Representantes de organizações da sociedade civil manifestam preocupação com as próximas consequências do golpe que levou Michel Temer ao poder, com apoio de forças conservadoras
Por Kaique Santos e Nicolau Soares, do Observatório
Em 31 de janeiro, o Brasil completa cinco meses sob o comando do presidente Michel Temer (PMDB). Após o desfecho do processo de impeachment de Dilma Rousseff (PT), considerado como golpe por movimentos sociais, intelectuais, artistas e juristas, parece não ter fim o desrespeito aos Direitos Humanos por parte do governo atual e do Legislativo que o apoia.

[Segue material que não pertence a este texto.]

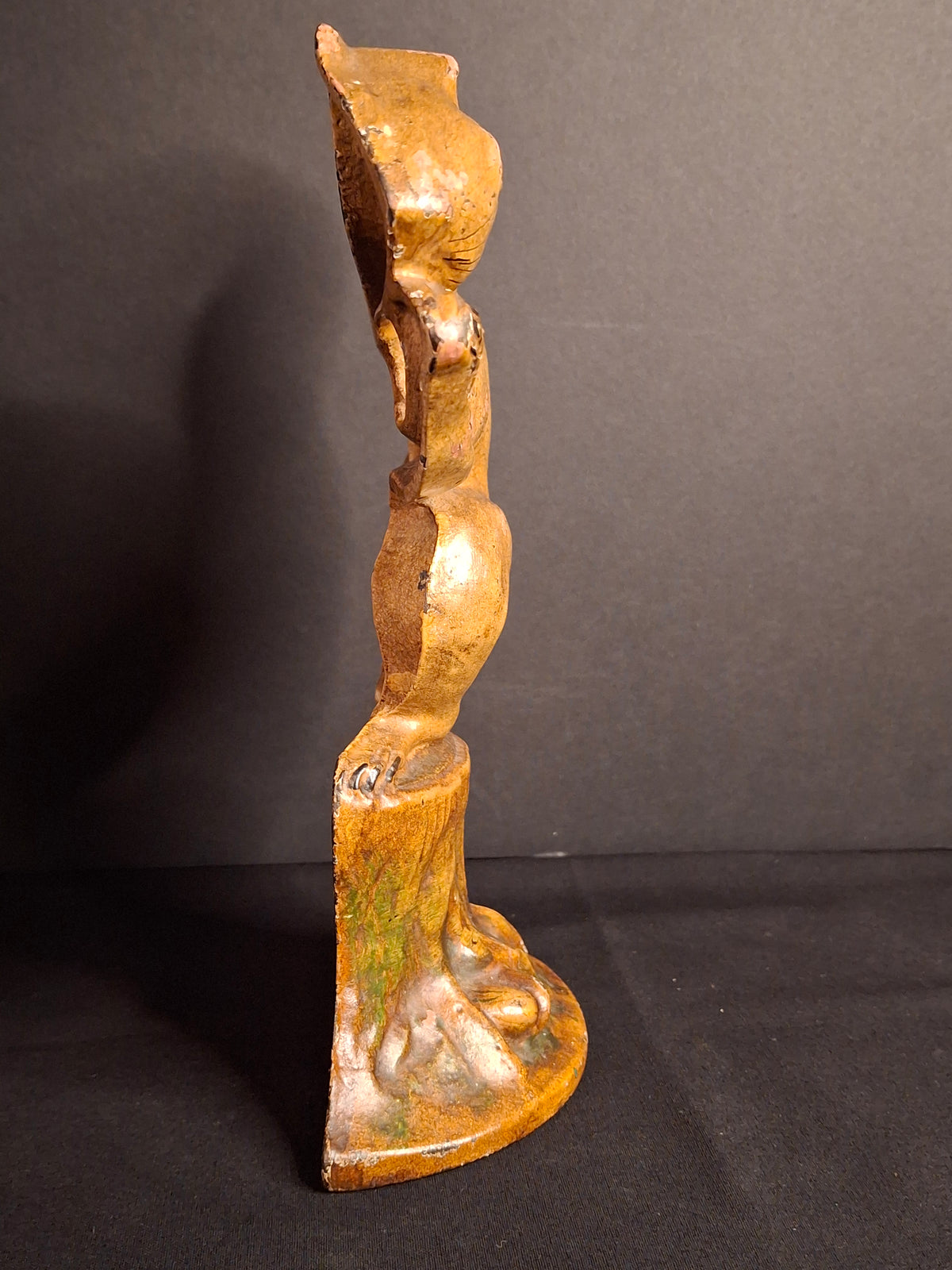 Antique Cast Iron Squirrel on Stump Doorstop C. 1920s Original Paint Hubley B&H Era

Atos de violência contra movimentos sociais e defensores de direitos têm aumentado junto com o avanço das forças neoliberais que apoiam o atual governo.
Elaine Rissi, representante do Movimento dos Trabalhadores Rurais Sem Terra (MST), trouxe dados assustadores sobre os assassinatos no campo em sua fala na Plenária de Direitos Humanos, realizada no dia 19 de janeiro pela Associação Brasileira de Organizações Não Governamentais (Abong) em conjunto com outras organizações da sociedade civil, durante o Fórum Social das Resistências, em Porto Alegre.
Enquanto em 2015 foram 50 mortes registradas em conflitos agrários, dados da Comissão Pastoral da Terra (CPT) mostram que o número foi ultrapassado em 2016, que registrou 54 assassinatos antes mesmo do final do ano. Ainda segundo a CPT, o ano passado teve o maior número de mortes desde 2003. “O golpe inicia um momento de reforma agrária zero, sem nenhum novo assentamento e contribui com um contexto de expansão do latifúndio, de disputa e retomada de territórios, muitos deles recuperados pela ação de assentados que agora são expulsos. A retomada de territórios inclui também a criminalização dos movimentos”, denunciou Elaine.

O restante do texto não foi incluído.